The tale of three emotionally enslaved women caring for a volatile, immature head-being, is undecidedly comic and dramatic. Nancy Andria, Karen Hoyer, and Laura Montenegro play these women with an enduring enthusiasm through their distress, but there is a consistently forced quality behind it. What kept popping into my mind, try though I might to suppress it, was TLC's Sister Wives. Three sister-wives kept in line by a big and powerful, yet really meager and weak, overseer. The comparison is unavoidable to anyone who has ever forgotten that it's Saturday. But in He Who that powerful overseer is a baby, and those sister-wives are mothers, so any reach at dramatic tension is left fruitless by the inherent and obvious likability of babies - whether ugly and gross or Gerber.

The accompanying music, composed by Jude Mathews, begins the performance and quietly creeps behind the action throughout the play. The tiny-but-full band sounds like what I imagine a gypsy funeral march to be - a combination of Eastern European melancholy and the opening scene of Rocky Horror Picture Show. Whether that unique creation fits in with the hodgepodge of dissident elements on display, I'm not sure, but the effect is a cool mournful wailing.

After the band completes its solo show, a plethora of thin, clumsy plots are introduced and discarded with careless ambivalence: the mothers putting the baby together like a Mr. Potato Head, only adding a single arm and an ear; a father who is an (chuckle, chuckle) arms dealer; a mystifying figurine sex display; a urination gag taken to the annoying extreme; and an unsatisfying ending featuring a fourth mother (Colleen Werle) that is nowhere near as emotionally profound as it regards itself. And around all that chaos is a nosy Inquistor character that, while given fun whiny roboticism by Ellen O'Keefe, would even allude Fellini.

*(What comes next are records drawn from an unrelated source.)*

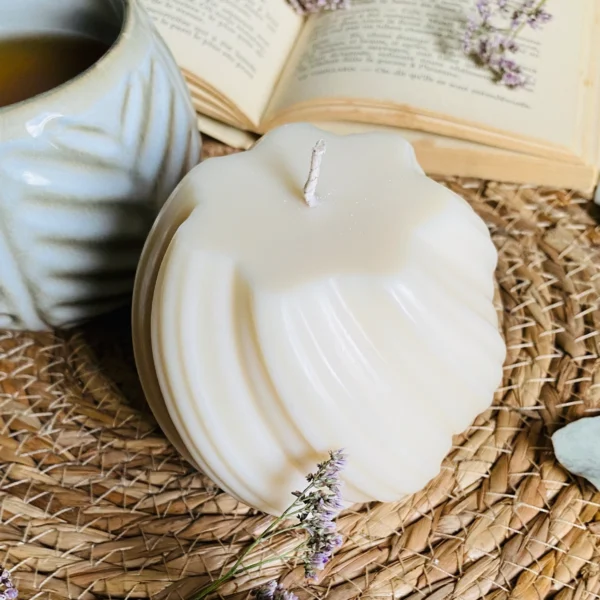 Bougie décorative en forme de spirale, posée sur un tapis en fibres naturelles, ambiance relaxante avec un mug en céramique et un livre ouvert en arrière-plan.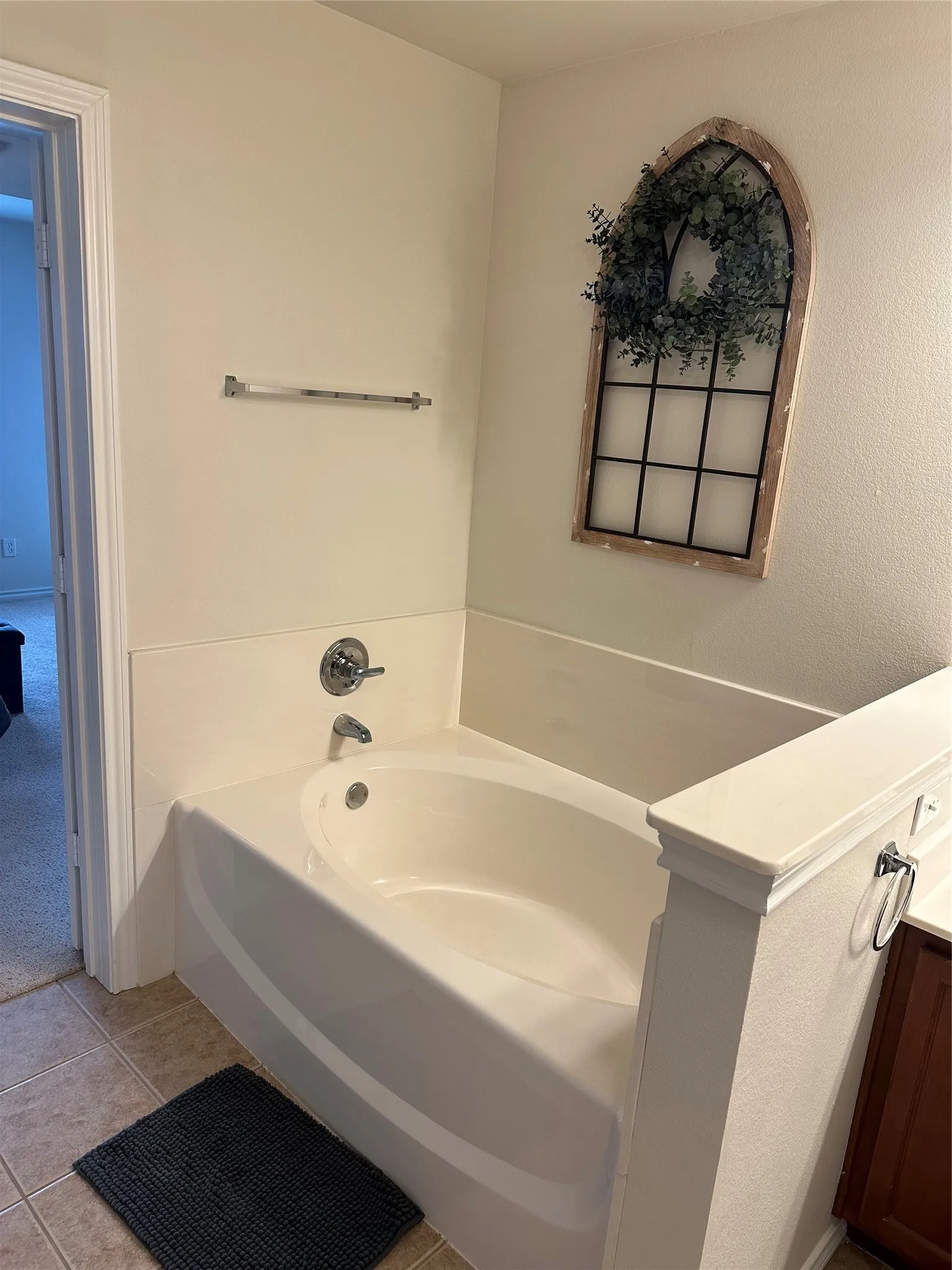 Bathroom with vanity, a garden tub, light tile patterned floors, and light carpet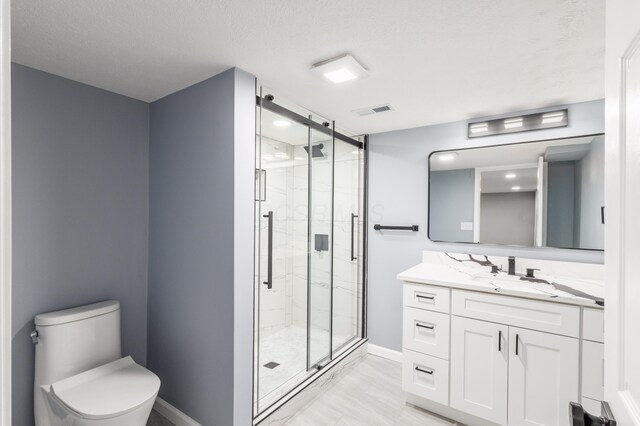 full bathroom featuring toilet, vanity, visible vents, marble finish floor, and a marble finish shower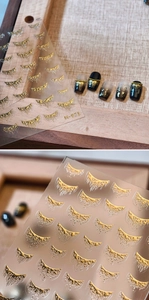 Macro detail of M-971 metallic gold liquid fringe nail stickers and finished manicure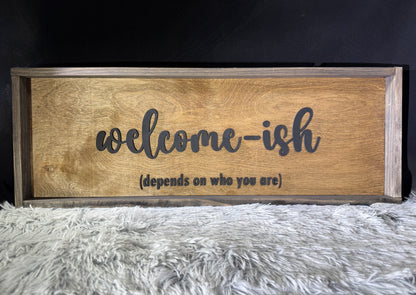 Wooden framed sign with 'welcome-ish (depends on who you are)' text on a textured surface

The baby-being puppet, designed by writer and director Montenegro and deftly manipulated by Noah Silver-Mathews and Katie Jones, comes alive with nuanced gestures, blinks, and brilliantly articulated lips. The script, also written by Montengro, beautifully facilitates this masterfully manipulated puppet, which, I might add, is much more of a fully realized character than any other theatrical puppet I've seen. But while evil-baby-puppet-head becomes a fleshed out, honest character, attracting oodles of audience sympathy and laughter, the three women fail to find the danger and urgency in their enslavement. Attempts at escapes seem as chores, and emotions are forced.

There are some lovely images in He Who, but they exist ephemerally, never connecting to the whole. The play certainly has an noticeable undercurrent of promise, but as it stands, the structure and content are dominated by incessant, domineering weirdness.
Don't get me wrong - "weird" and "wonderful" are synonymous terms in my book. But so too are "alienating" and "selfish."-Johnny Oleksinski

'He Who' plays as part of the Steppenwolf Theatre Garage Rep though April 8.